Topic Models: Latent Dirichlet Allocation (LDA)

LDA is a fully Bayesian hierarchical model used to discover abstract "topics" in a collection of documents. It assumes each document is a mixture of topics, and each topic is a distribution over words. While possible to build in PyMC, standard practice is to use optimized libraries like scikit-learn.
Python

from sklearn.feature_extraction.text import CountVectorizer
from sklearn.decomposition import LatentDirichletAllocation

# 1. Sample text data
corpus = [
    "The stock market fell due to interest rate hikes and inflation fears",
    "Investors are moving capital from equity to bonds and cash",
    "The central bank announced a new monetary policy to fight inflation",
    "NASA launched a new rocket to the moon for scientific exploration",
    "The Hubble telescope captured stunning images of distant galaxies",
    "Space exploration is crucial for scientific advancement and new discoveries"
]

# 2. Vectorize the text data (convert words to counts)
vectorizer = CountVectorizer(stop_words='english')
X_lda = vectorizer.fit_transform(corpus)

# 3. Fit the LDA model (a Bayesian model under the hood)
lda = LatentDirichletAllocation(n_components=2, random_state=42) # 2 topics: Finance & Space
lda.fit(X_lda)

# 4. Inspect the topics by printing the top words for each
def print_top_words(model, feature_names, n_top_words):
    for topic_idx, topic in enumerate(model.components_):
        message = f"Topic #{topic_idx}: "
        message += " ".join([feature_names[i] for i in topic.argsort()[:-n_top_words - 1:-1]])
        print(message)

print("Discovered Topics:")
print_top_words(lda, vectorizer.get_feature_names_out(), 5)
The output will clearly show that the algorithm has discovered one topic dominated by words like "inflation," "market," "bank," and "stock," and another dominated by "space," "exploration," "scientific," and "rocket," successfully identifying the underlying themes in the corpus.


Gaussian Processes (GPs)

GPs are a flexible, non-parametric Bayesian approach to regression.

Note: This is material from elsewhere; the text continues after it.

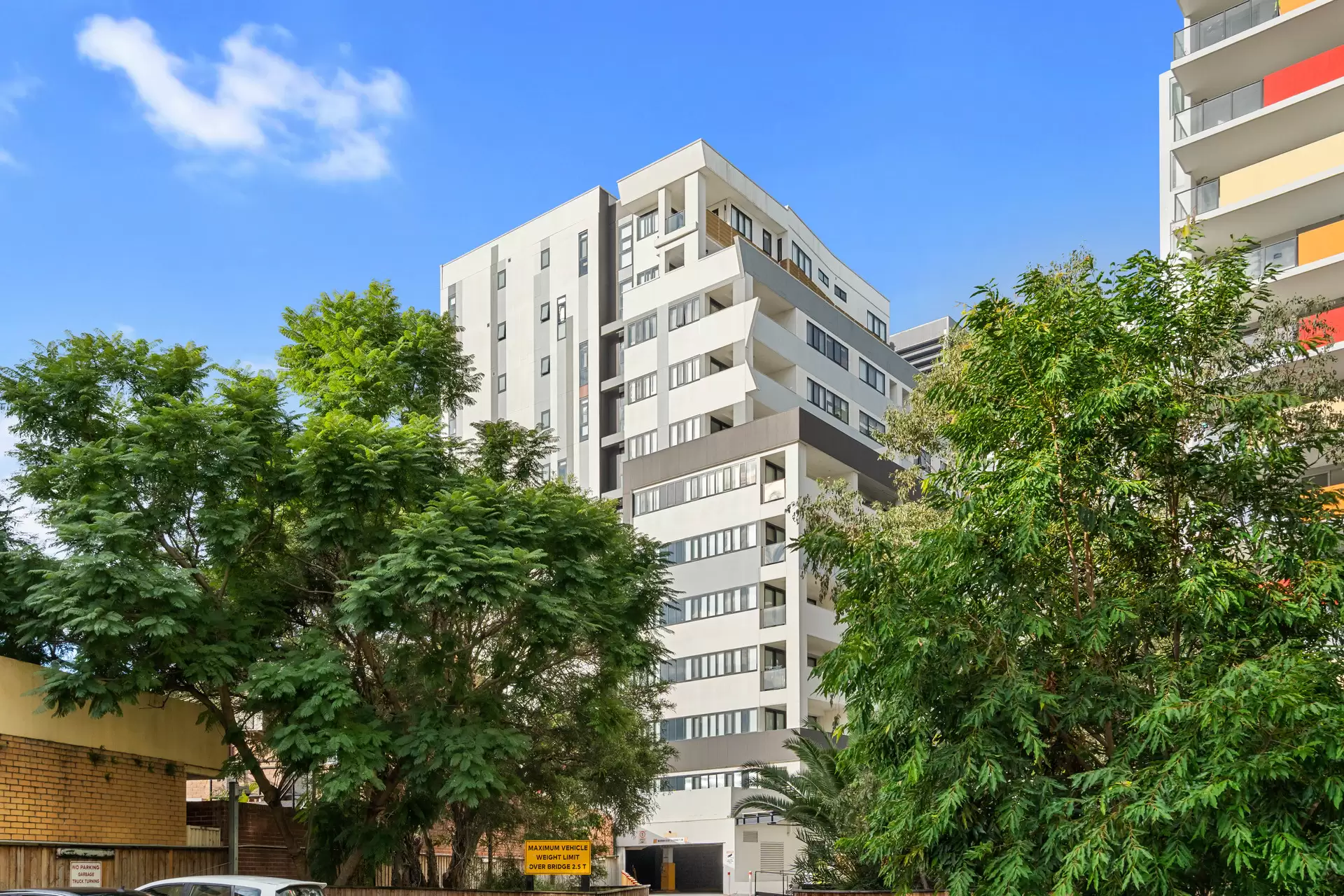 509/196B Stacey Street, Bankstown Sold by Murdoch Lee Estate Agents - image 8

Instead of fitting a single function, a GP infers a distribution over functions that are consistent with the data, providing excellent uncertainty quantification.
Python

# 1. Generate some non-linear data
np.random.seed(1)
X_gp = np.linspace(0, 10, 20)[:, None]
y_gp = np.sin(X_gp).ravel() + np.random.normal(0, 0.2, 20)

# 2. Define and fit the Gaussian Process model in PyMC
with pm.Model() as gp_model:
    # Priors for the covariance function hyperparameters
    length_scale = pm.Gamma("length_scale", alpha=2, beta=1)
    eta = pm.HalfCauchy("eta", beta=5)

    # Specify the covariance function (kernel)
    cov_func = eta**2 * pm.gp.cov.ExpQuad(1, ls=length_scale)
    gp = pm.gp.Marginal(cov_func=cov_func)

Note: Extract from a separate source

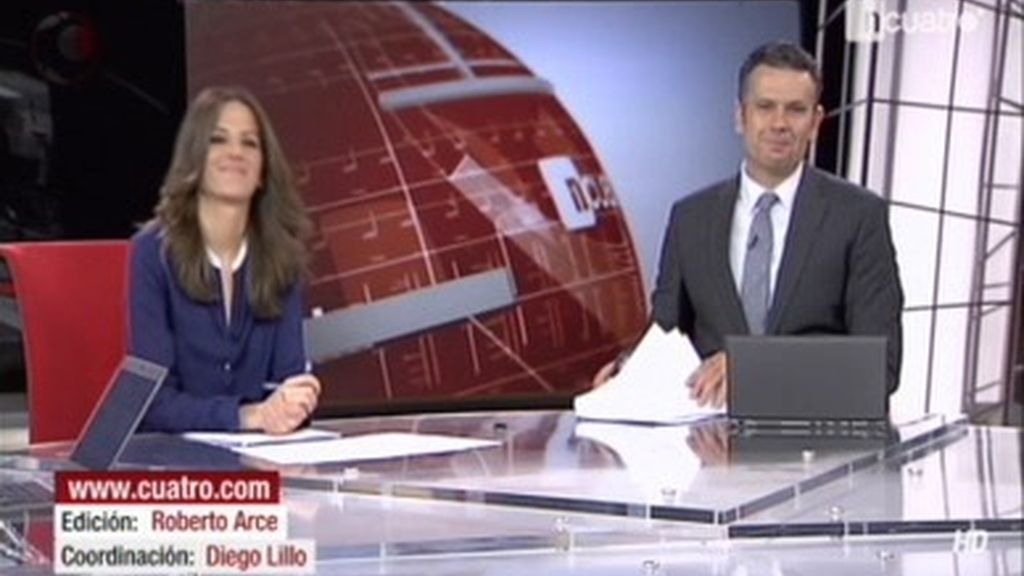 Noticias Cuatro 20.00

    # Prior for the observation noise
    sigma = pm.HalfNormal("sigma", sigma=5)

    # Likelihood
    y_ = gp.marginal_likelihood("y", X=X_gp, y=y_gp, noise=sigma)
    trace_gp = pm.sample(1000, tune=1000)

# 3. Predict on new data points
X_new = np.linspace(-2, 12, 100)[:, None]
with gp_model:
    f_pred = gp.conditional("f_pred", Xnew=X_new)
    pred_samples = pm.sample_posterior_predictive(trace_gp, var_names=["f_pred"])

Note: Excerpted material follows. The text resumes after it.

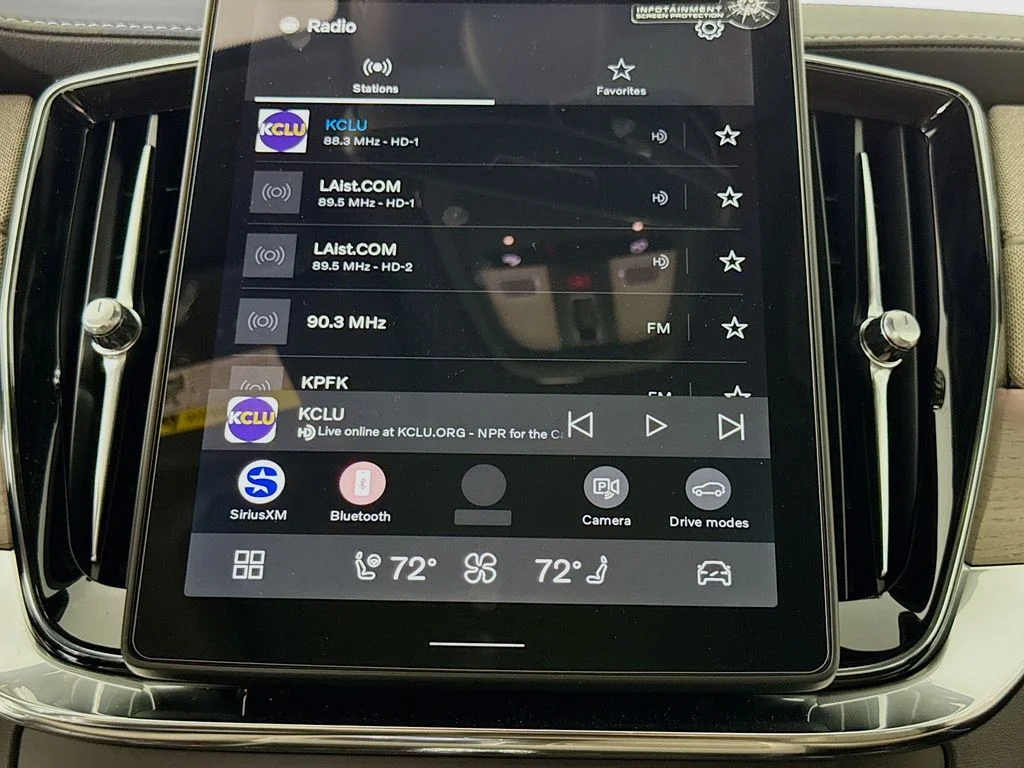 2026 Volvo XC90 Plus - Photo 15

# 4. Plot the GP fit and its uncertainty
plt.figure(figsize=(10, 5))
plt.plot(X_gp, y_gp, 'o', color='C0', ms=8, label="Observed Data")
plt.plot(X_new, pred_samples.posterior_predictive["f_pred"].mean(axis=(0,1)), "C1", lw=2, label="Posterior Mean Function")
az.plot_hdi(X_new.flatten(), pred_samples.posterior_predictive["f_pred"], color='C1', hdi_prob=0.95, fill_kwargs={'alpha': 0.2})
plt.title("Gaussian Process Regression")
plt.xlabel("X")
plt.ylabel("Y")
plt.legend()
plt.show()
The plot beautifully illustrates the power of GPs. The model learns the underlying sine wave and, crucially, the uncertainty (the shaded band) is narrow where we have data and widens dramatically where we don't, perfectly capturing the model's confidence in its predictions.